» **Working data**
-=-=-=-=-

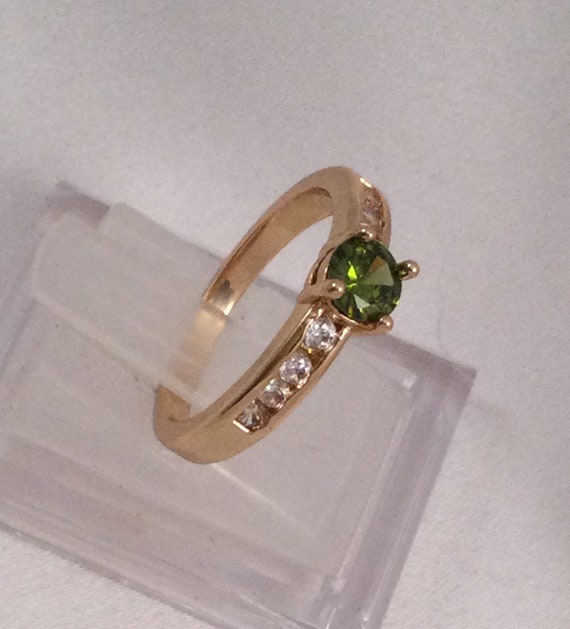 Vintage Jewellery Yellow Gold Ring with Peridot a… - image 7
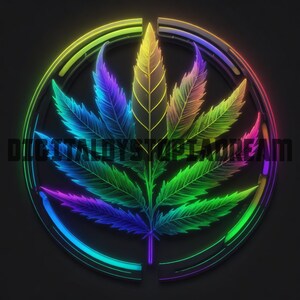 May include: A colorful, rainbow-hued marijuana leaf design inside a neon circle. The design is reminiscent of a psychedelic, trippy, or stoner aesthetic.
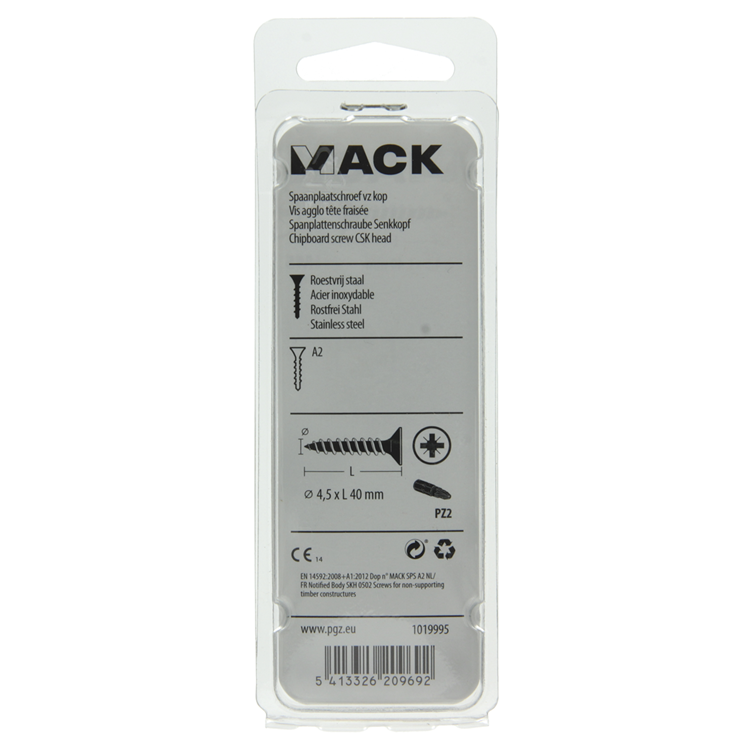 Mack 1019995 - tornillo para aglomerado cabeza vz acero inoxidable 40 piezas 4,5 x 40 mm | 5 piezas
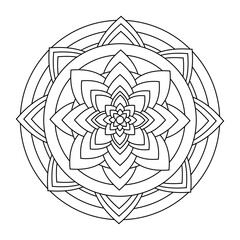 Wall Mural - Monochrome Mandala, Decorative ornament, patterned design element, Vector Ethnic Amulet.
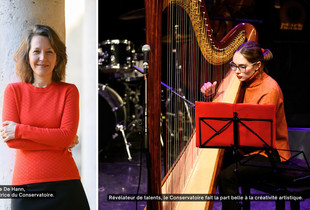 Cécile de Hann, directrice du conservatoire de Chartres et une élève harpiste en concert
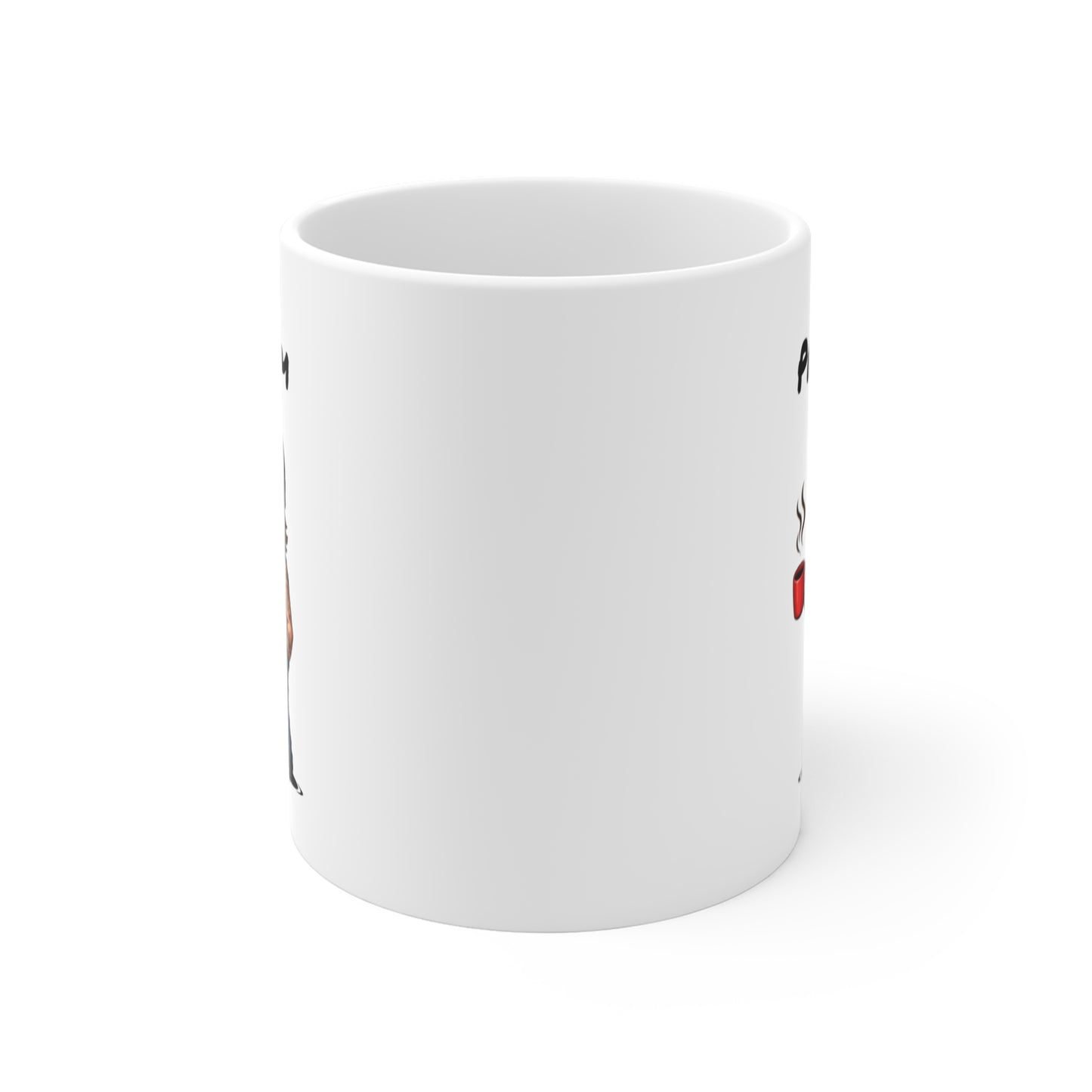 Tasse Motard Fatigué avec Café – Mug Biker Style Rock – Illustration Homme Barbu Casque Moto 325ml – Cadeau Original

-=-=-=-=-

» **Problem**
Among the entries above, locate the line with "May include: A" and the line with "Wall Mural - Monochrome". Give those two lines and all lines between them again, exactly, leaving out the pictures.

» **Problem solution**
 May include: A colorful, rainbow-hued marijuana leaf design inside a neon circle. The design is reminiscent of a psychedelic, trippy, or stoner aesthetic.
 Mack 1019995 - tornillo para aglomerado cabeza vz acero inoxidable 40 piezas 4,5 x 40 mm | 5 piezas
 Wall Mural - Monochrome Mandala, Decorative ornament, patterned design element, Vector Ethnic Amulet.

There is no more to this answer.